Independence of Approximate Clones

arXiv:2601.20779v1 Announce Type: cross
Abstract: In an ordinal election, two candidates are said to be perfect clones if every voter ranks them adjacently. The independence of clones axiom then states that removing one of the two clones should not change the election outcome. This axiom has been extensively studied in social choice theory, and several voting rules are known to satisfy it (such as IRV, Ranked Pairs and Schulze). However, perfect clones are unlikely to occur in practice, especially for political elections with many voters.

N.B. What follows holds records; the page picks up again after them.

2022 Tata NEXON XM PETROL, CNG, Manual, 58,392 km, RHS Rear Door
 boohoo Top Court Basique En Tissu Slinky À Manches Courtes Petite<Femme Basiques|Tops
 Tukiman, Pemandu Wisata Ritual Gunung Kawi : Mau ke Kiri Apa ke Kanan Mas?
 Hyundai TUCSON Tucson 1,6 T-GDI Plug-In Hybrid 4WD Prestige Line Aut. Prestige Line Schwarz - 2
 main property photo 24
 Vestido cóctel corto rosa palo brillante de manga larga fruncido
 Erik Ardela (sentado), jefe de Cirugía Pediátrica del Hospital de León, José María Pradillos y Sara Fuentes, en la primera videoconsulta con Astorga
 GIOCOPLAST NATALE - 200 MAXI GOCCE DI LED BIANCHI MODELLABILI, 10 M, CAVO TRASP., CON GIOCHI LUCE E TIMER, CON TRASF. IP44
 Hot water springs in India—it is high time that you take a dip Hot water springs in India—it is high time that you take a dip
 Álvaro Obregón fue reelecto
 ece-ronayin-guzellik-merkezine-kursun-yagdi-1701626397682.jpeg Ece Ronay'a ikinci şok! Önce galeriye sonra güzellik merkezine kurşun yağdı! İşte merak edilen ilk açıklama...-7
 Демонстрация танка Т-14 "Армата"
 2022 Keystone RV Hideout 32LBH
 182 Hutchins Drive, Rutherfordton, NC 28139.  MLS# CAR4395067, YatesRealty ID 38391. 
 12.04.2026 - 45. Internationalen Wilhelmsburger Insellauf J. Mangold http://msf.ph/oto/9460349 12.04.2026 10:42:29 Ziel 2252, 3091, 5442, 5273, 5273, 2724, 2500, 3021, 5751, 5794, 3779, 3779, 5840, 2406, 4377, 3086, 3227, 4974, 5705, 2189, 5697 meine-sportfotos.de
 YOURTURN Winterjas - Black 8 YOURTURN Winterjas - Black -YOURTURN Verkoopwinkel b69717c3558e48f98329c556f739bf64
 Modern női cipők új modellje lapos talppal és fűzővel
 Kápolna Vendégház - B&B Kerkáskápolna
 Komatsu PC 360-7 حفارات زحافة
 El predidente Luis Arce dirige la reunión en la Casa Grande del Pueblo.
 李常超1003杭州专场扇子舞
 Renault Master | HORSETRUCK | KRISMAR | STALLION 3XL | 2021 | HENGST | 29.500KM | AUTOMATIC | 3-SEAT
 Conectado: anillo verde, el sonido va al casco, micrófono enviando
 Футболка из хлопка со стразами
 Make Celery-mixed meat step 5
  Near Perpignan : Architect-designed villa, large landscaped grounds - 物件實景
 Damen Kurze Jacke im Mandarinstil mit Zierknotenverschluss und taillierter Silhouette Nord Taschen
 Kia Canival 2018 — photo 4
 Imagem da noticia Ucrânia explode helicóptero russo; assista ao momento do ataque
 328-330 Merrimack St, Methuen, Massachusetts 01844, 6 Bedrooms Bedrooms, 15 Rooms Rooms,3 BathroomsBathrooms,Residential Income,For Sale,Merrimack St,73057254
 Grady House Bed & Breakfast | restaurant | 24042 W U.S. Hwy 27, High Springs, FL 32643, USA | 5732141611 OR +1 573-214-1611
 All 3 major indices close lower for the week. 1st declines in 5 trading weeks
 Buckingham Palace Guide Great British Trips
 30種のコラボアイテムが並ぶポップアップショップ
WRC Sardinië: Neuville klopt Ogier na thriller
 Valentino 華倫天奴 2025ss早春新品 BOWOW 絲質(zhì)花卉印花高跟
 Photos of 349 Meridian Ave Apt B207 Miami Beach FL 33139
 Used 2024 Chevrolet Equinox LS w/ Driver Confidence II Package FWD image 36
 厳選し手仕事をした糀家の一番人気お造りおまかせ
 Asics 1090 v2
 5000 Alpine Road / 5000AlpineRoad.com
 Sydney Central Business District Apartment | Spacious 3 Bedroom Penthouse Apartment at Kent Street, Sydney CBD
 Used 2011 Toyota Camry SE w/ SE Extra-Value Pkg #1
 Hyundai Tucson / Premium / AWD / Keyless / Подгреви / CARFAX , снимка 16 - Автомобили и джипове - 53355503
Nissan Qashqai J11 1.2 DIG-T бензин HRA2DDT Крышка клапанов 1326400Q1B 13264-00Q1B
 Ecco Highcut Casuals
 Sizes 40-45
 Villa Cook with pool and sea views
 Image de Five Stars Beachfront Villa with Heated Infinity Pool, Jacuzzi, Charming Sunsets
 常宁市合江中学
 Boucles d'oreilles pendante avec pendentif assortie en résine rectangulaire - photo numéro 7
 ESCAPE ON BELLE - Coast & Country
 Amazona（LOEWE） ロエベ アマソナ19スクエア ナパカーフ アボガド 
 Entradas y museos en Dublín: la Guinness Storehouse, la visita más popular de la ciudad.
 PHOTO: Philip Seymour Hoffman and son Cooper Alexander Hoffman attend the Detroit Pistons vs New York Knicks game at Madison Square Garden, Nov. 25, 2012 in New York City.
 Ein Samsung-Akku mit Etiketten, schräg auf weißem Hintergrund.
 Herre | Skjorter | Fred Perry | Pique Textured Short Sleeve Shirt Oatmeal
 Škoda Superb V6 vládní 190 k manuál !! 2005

In this work, we study different notions of approximate clones in ordinal elections. Informally, two candidates are approximate clones in a preference profile if they are close to being perfect clones. We discuss two measures to quantify this proximity, and we show under which conditions the voting rules that are known to be independent of clones are also independent of approximate clones. In particular, we show that for elections with at least four candidates, none of these rules are independent of approximate clones in the general case. However, we find a more positive result for the case of three candidates. Finally, we conduct an empirical study of approximate clones and independence of approximate clones based on three real-world datasets: votes in local Scottish elections, votes in mini-jury deliberations, and votes of judges in figure skating competitions. We find that approximate clones are common in some contexts, and that the closest two candidates are to being perfect clones, the less likely their removal is to change the election outcome, especially for voting rules that are independent of perfect clones.